## ASSIGNMENT
In the listing below, locate the line with "Вілла Під горою Шешори Екстер'єр фото" and the line with "Анализ рынка живых", then output both and everything between them exactly, minus any pictures.
Segment Open
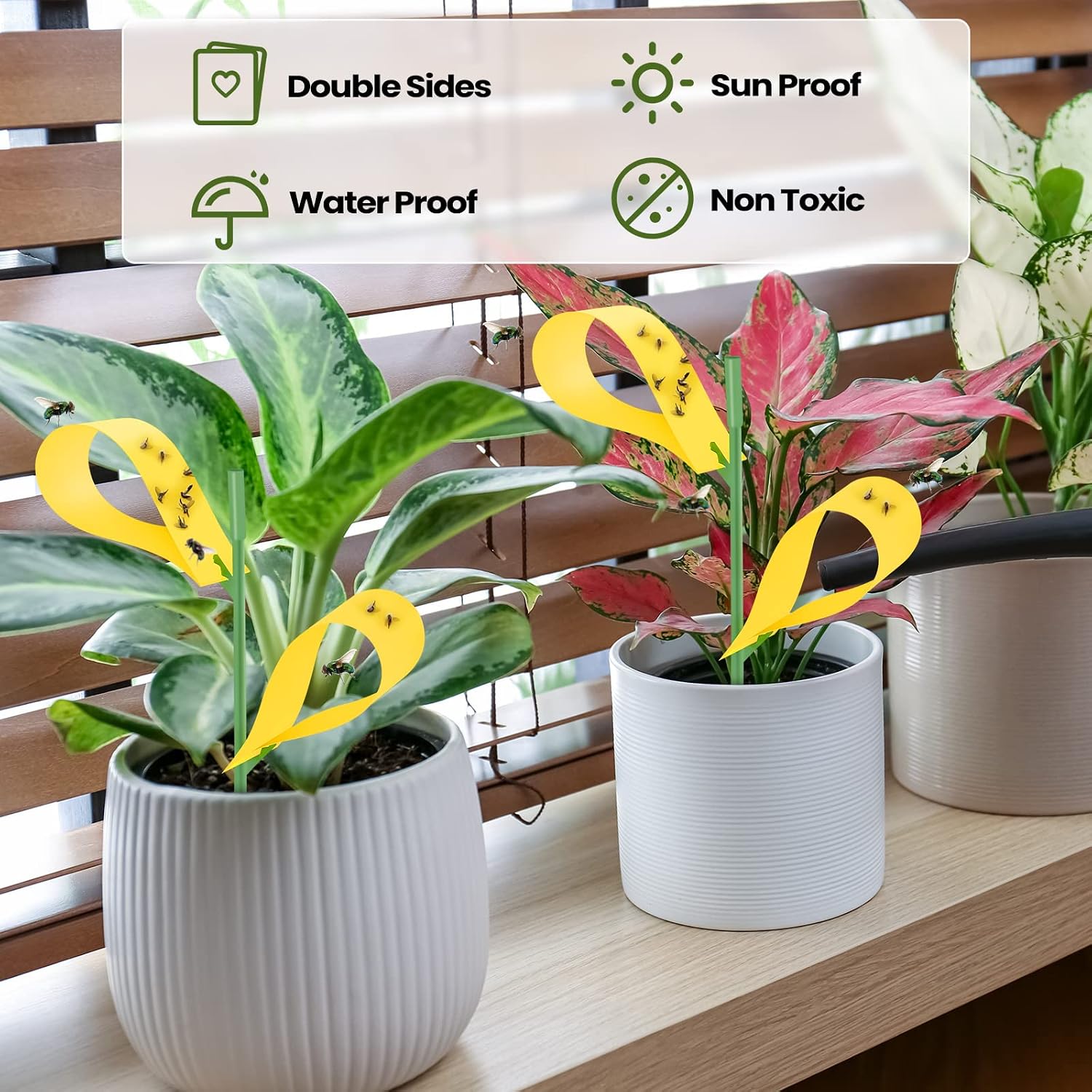 Qualirey 400 Pcs Sticky Houseplant Traps Fungus Gnat Fruit Fly Trap Sticky Houseplant Stakes Insect for Outdoor Garden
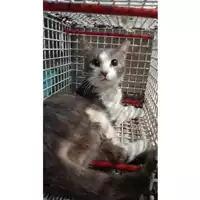 Foto dell\'animale gatto - Matr. 2025/1297 - Microchip 380260102929437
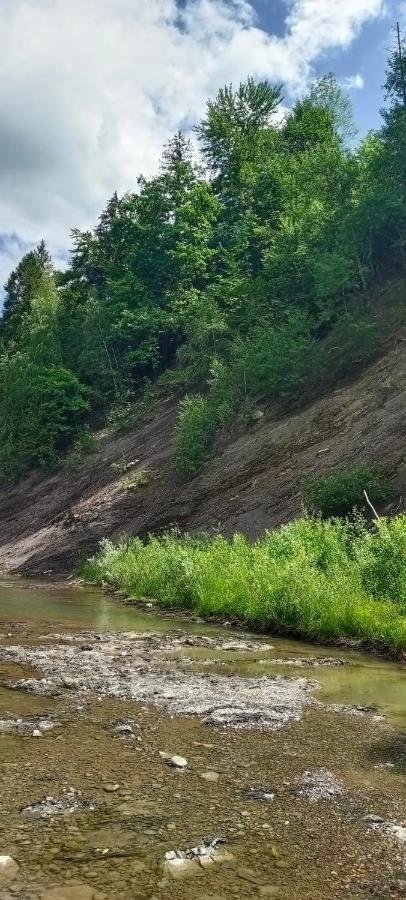 Вілла Під горою Шешори Екстер'єр фото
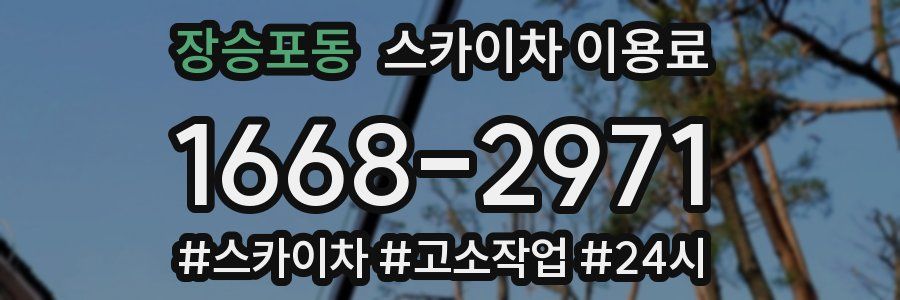 장승포동 스카이차 이용료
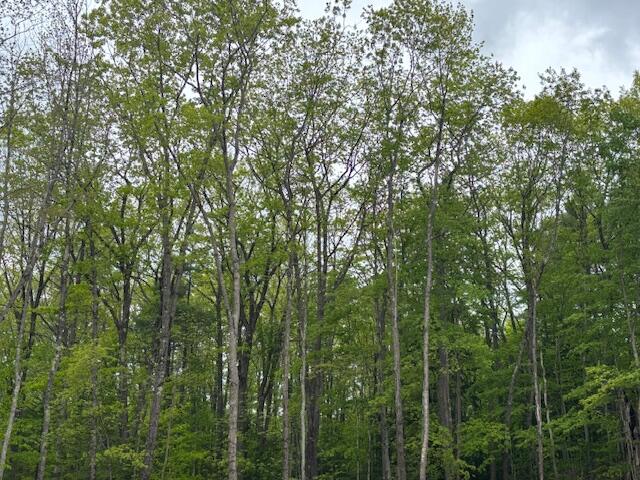 6 Justrite Way Poland ME 04274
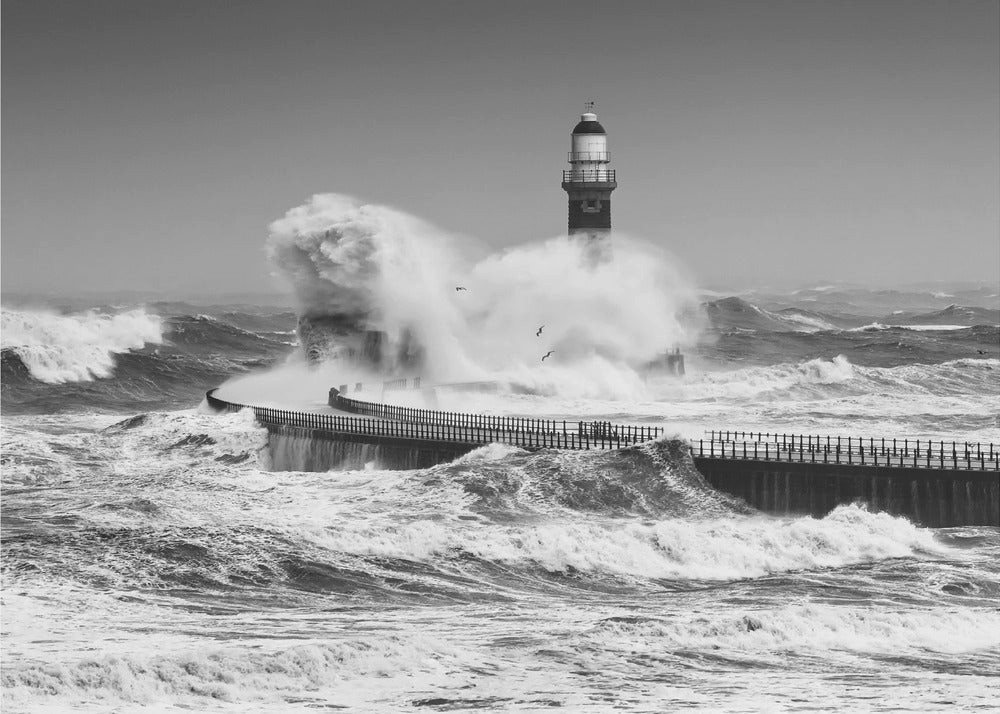 Papermoon Poster "Power of the Sea" von Daniel Springgay, 250 g/m² Galeriedruck, Mit oder ohne Rahmen, brillante UV-beständige Farben, Made in Germany Papermoon Poster "Power of the Sea" von Daniel Springgay, 250 g/m² Galeriedruck, Mit oder ohne Rahmen, brillante UV-beständige Farben, Made in Germany von Papermoon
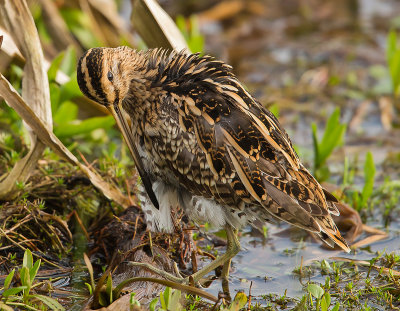 Snipe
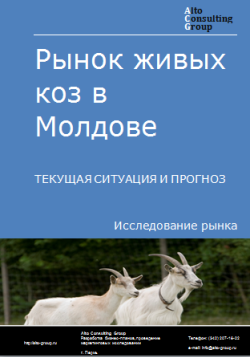 Анализ рынка живых коз в Молдове. Текущая ситуация и прогноз 2024-2028 гг.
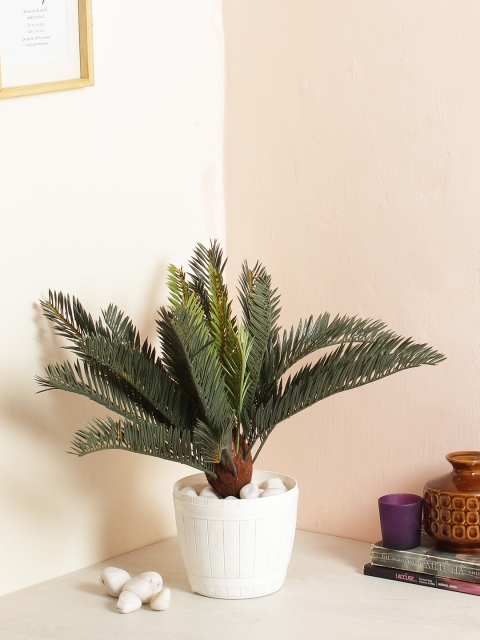 

Fourwalls Green Artificial Natural Cycus Plant Without Pot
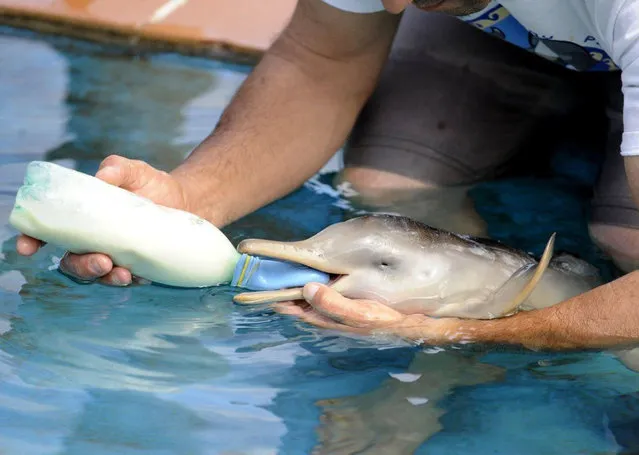 Rescued Baby Dolphin
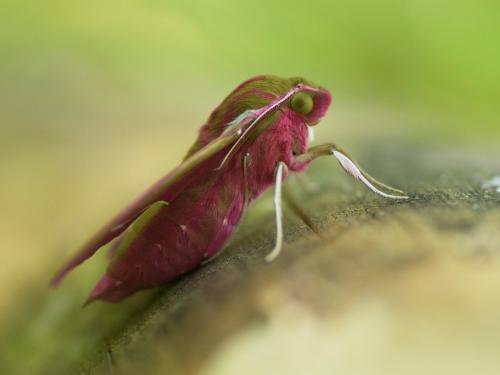 Deilephila elpenor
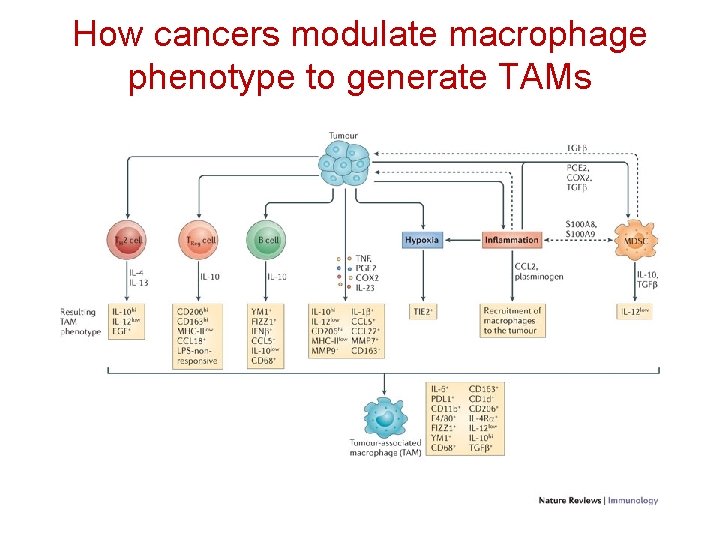 How cancers modulate macrophage phenotype to generate TAMs 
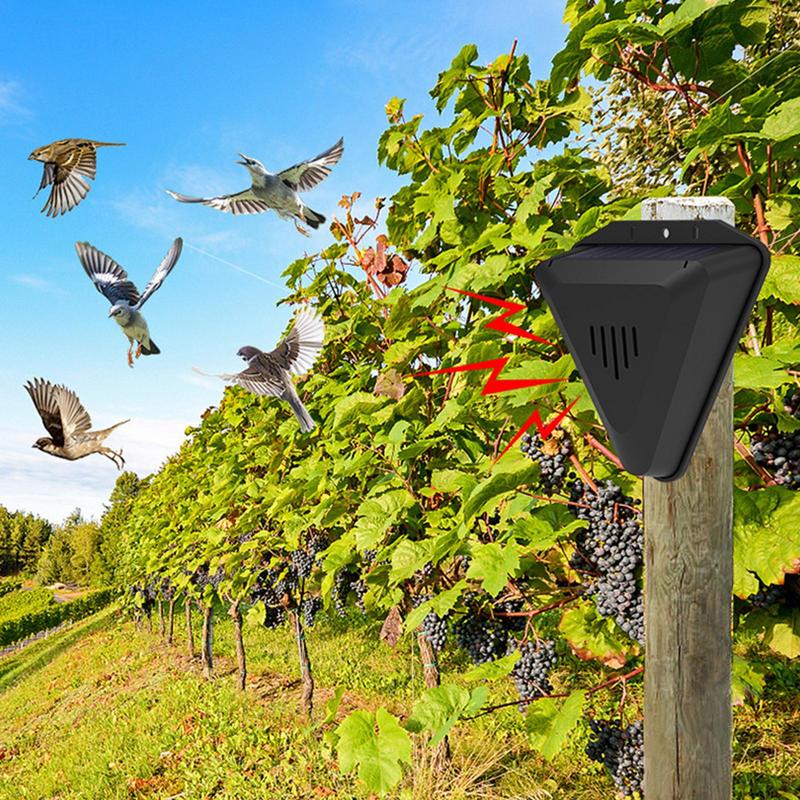 Waterproof Solar bird repeller – Fish Alarm recenzja i cena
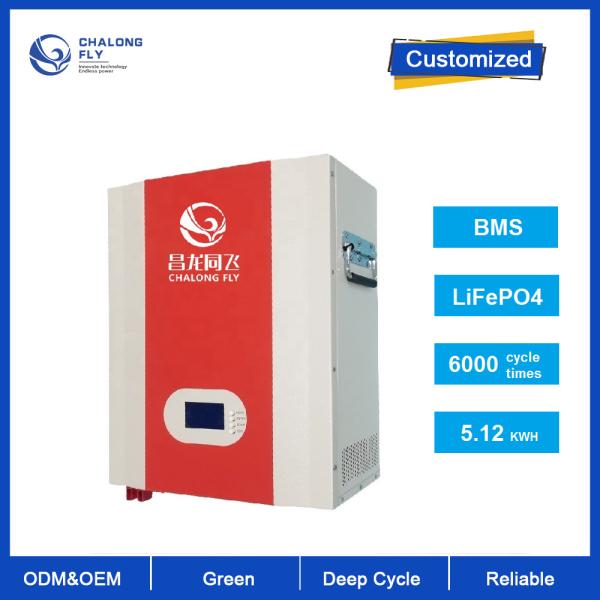 Lifepo4 Lithium Ion Battery Pack Powerwall Wall Mounted Battery 48V 100Ah 12V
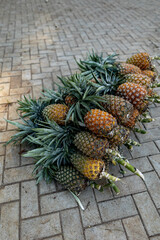 Ripe pineapples at the local farmer's market, lying in a pile on the floor - 720716506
Segment Closed
## THE ANSWER
 Вілла Під горою Шешори Екстер'єр фото
 장승포동 스카이차 이용료
 6 Justrite Way Poland ME 04274
 Papermoon Poster "Power of the Sea" von Daniel Springgay, 250 g/m² Galeriedruck, Mit oder ohne Rahmen, brillante UV-beständige Farben, Made in Germany Papermoon Poster "Power of the Sea" von Daniel Springgay, 250 g/m² Galeriedruck, Mit oder ohne Rahmen, brillante UV-beständige Farben, Made in Germany von Papermoon
 Snipe
 Анализ рынка живых коз в Молдове. Текущая ситуация и прогноз 2024-2028 гг.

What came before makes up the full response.